**Data in this exercise:**

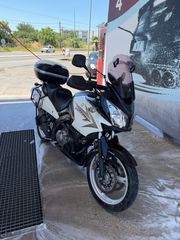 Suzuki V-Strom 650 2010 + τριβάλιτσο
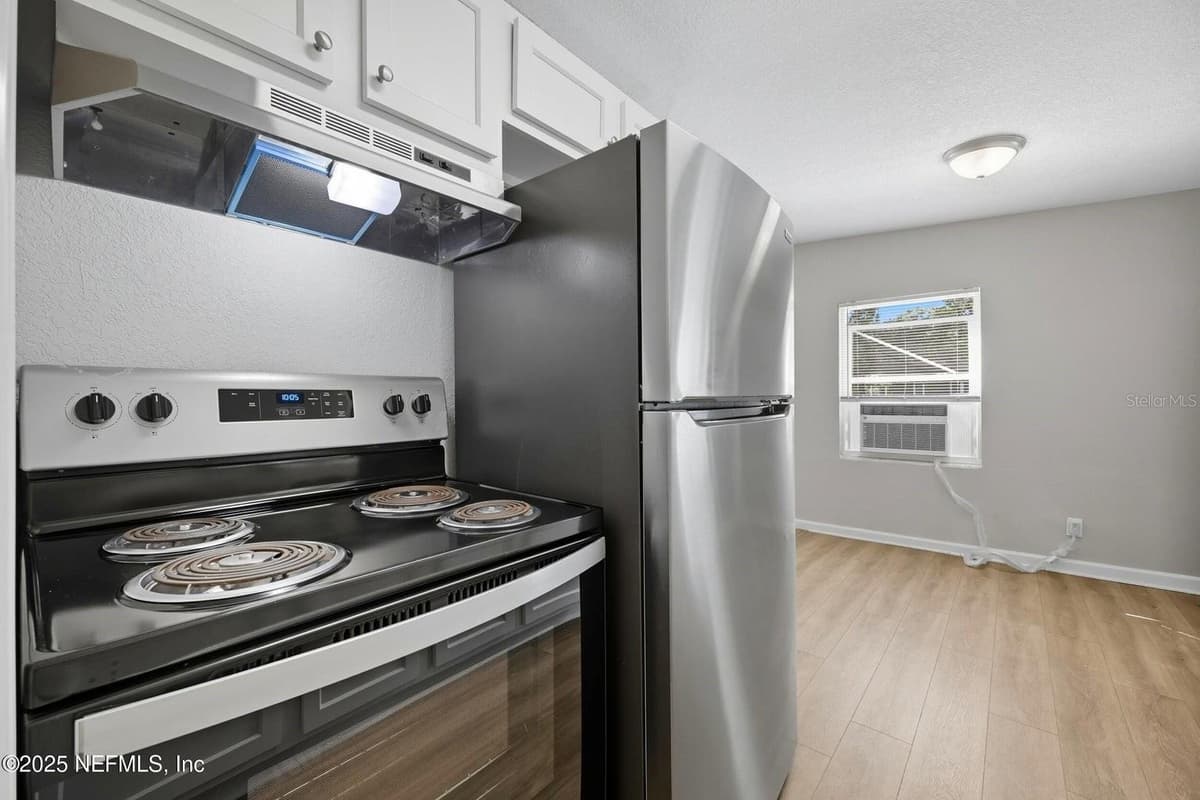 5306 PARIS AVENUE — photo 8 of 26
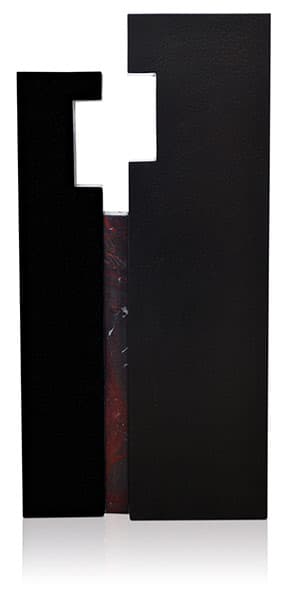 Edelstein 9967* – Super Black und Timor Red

--

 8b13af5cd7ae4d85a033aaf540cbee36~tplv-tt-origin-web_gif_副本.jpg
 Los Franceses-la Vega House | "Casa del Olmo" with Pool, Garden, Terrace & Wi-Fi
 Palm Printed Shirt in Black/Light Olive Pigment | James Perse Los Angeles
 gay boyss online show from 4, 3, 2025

* * *

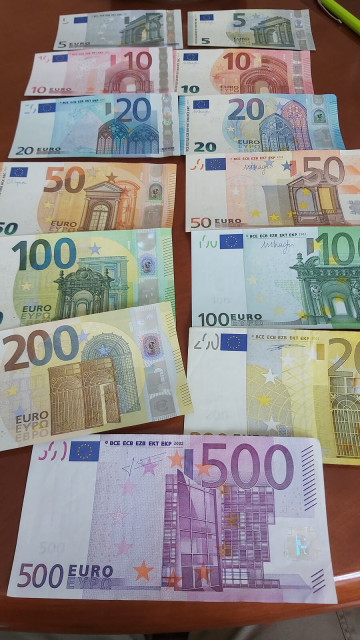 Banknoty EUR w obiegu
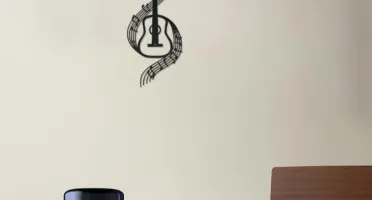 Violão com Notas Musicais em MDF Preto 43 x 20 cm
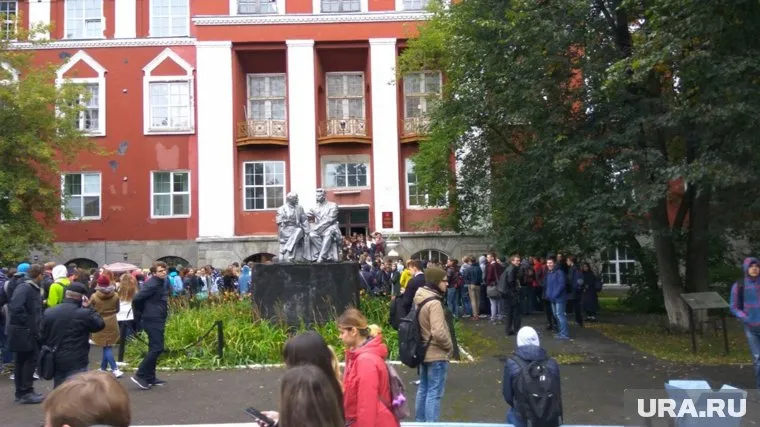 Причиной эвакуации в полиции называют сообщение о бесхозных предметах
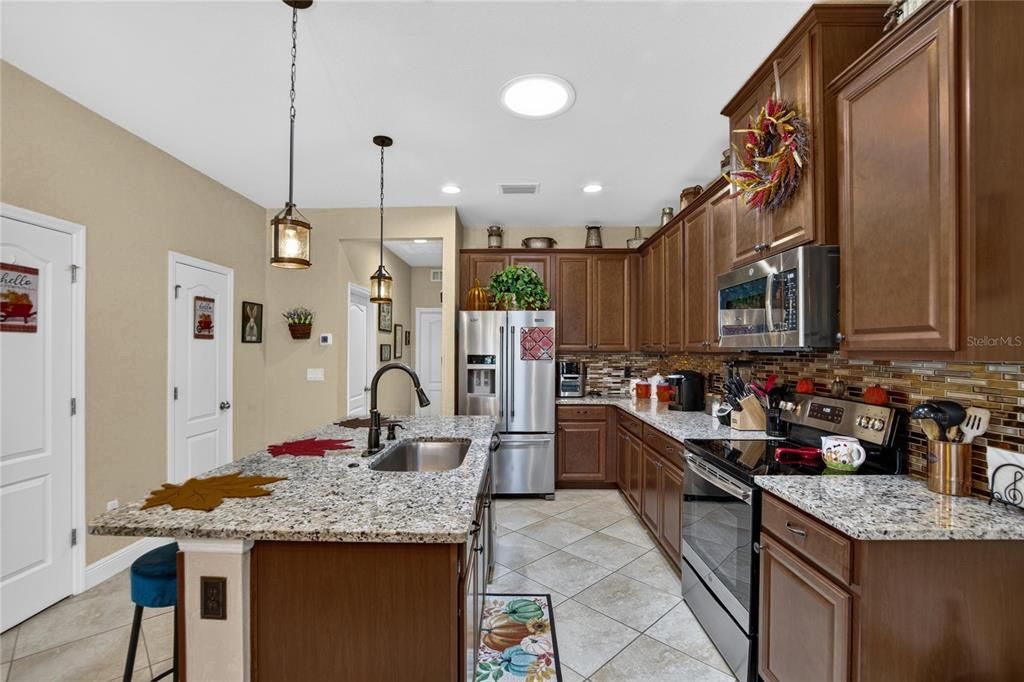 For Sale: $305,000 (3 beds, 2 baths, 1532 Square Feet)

**Task directions:**
Among the records above, only the lines between the line holding "Palm Printed Shirt" and the line holding "gay boyss online show from 4, 3, 2025", inclusive, are to be output, exactly as written.

**Answer for this exercise:**
 Palm Printed Shirt in Black/Light Olive Pigment | James Perse Los Angeles
 gay boyss online show from 4, 3, 2025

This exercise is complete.